Ask God to open your mind, heart and will to understand, delight in and obey what you read.

To discover:­­
As you read note the reasons God gives for helping Israel.

To ponder:
As Exodus begins, the first stage of God’s promise to Abraham (ch 17) has been completed: Israel has become a nation, filling Goshen (v5-7). God is ensuring his purpose in creation is fulfilled (v7 with 1v28). Today’s events take place about 400 years after Joseph, around 1500 BC (15v13). God is already with Israel, ensuring his promise is not thwarted: The more she is oppressed the more she multiplies under blessing. And the midwives who refuse to kill the children out of fear of God receive blessing too (1v20-21). Do we stand up as boldly for God’s people?
            Moses, however, is the great sign God has not forgotten his people. His salvation parallels Noah’s, hinting that God is bringing about a new dawn. And consider how he is at work: Moses is rescued by Pharoah’s daughter and so educated before fleeing to the desert for forty years.

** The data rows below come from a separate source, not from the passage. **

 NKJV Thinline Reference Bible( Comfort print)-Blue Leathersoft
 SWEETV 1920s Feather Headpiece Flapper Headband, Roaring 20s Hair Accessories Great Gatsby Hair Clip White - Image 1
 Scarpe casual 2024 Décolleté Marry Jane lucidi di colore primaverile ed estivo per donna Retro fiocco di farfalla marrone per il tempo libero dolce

So he has been trained as both the ideal lawgiver and shepherd of the people in the desert. God shapes us all through our experiences. None are wasted.

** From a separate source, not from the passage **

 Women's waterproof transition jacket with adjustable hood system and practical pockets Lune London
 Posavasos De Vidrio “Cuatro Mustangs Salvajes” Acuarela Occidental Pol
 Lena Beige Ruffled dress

            By killing the Egyptian and driving away the shepherds, Moses shows himself the rescuer. But with irony he is rejected by a Hebrew: “Who made you a ruler and judge over us?” We know the answer. But the rejection patterns that of later Israel and challenges us as to our own response to God’s ministers; and especially to Christ our ruler and judge (Acts 7v27, 51-53).
            We are repeatedly told God is coming to Israel’s aid because of his covenant with Abraham, Isaac and Jacob. But the language is personal: He “heard,” “saw” and was “concerned” (2v24-25, 3v7, 9, 16). This reflects God’s care for us as his covenant people too.

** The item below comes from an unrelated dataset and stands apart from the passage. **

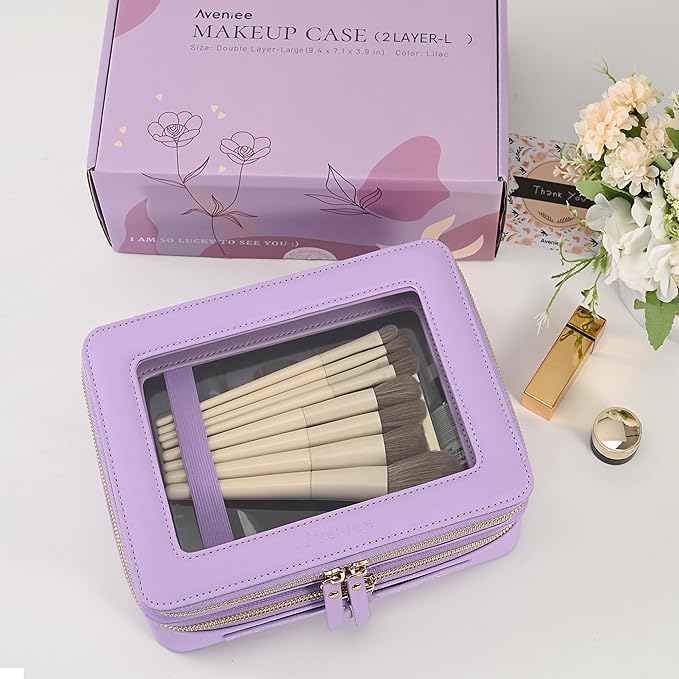Aveniee Clear Makeup Bags, Double Layer Cosmetic Bags - Image 6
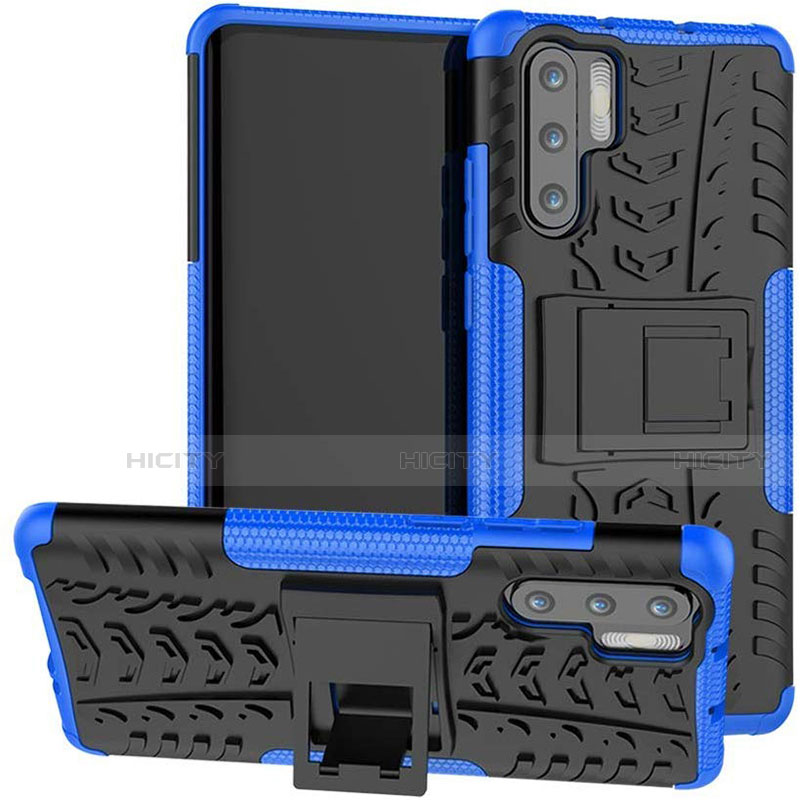 Custodia Silicone e Plastica Opaca Cover con Supporto R03 per Huawei P30 Pro Blu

            Mount Horeb may be Mount Sinai or close to it (24v13). God’s holiness is his supreme majesty and purity that cannot tolerate sin (Isaiah 6v1-5). The non-consuming fire may picture him restraining that holiness as he would have to with Israel. His promise to "be with" Moses shows what’s necessary for Israel to be redeemed - his presence. Moses’ experience patterns their future.
God’s name: “I AM WHO I AM” (Yahweh) stresses he is the true and unchanging God who cannot be fashioned according to our preferences like the gods of Moses’ day. By giving his name, the LORD affirmed he could be called upon. It signalled his willingness to be in relationship with Israel “forever” (3v15). His promise of the land “flowing with milk and honey” portrays it as Eden-like. The LORD affirms his ability to achieve it: He will compel the mighty Pharoah to release Israel, perform wonders before the Egyptians and even cause them to give Israel their wealth. To reveal his glory, it’s as if God purposefully promises what seems impossible.

Praying it home:
Praise God for his love for the world that moved him to send Christ to redeem us. Confess how you’ve sought to fashion God according to your preferences rather than accept him as he is.

Thinking further:
Essentially God’s covenant with Abraham promised a kingdom (ch. 17): God’s people (a great nation) obeying God’s rule (keeping the covenant) enjoying God’s place (the land) under God’s ruler (kings we now know will come from Judah). It’s fulfilment structures the Old Testament. God forms his people in Genesis 12-50, establishes his rule in Exodus-Leviticus and grants the land in Numbers-Joshua. Judges-2 Chronicles then recount the rise and fall of Israel’s kings.
The Jews considered “Yahweh” too sacred to speak and so used “Adonai” (Lord) instead. For this reason our translations always translate “Yahweh” as “the LORD” (capitals). Whenever we read this we must understand “Yahweh” (I AM WHO I AM) was originally used.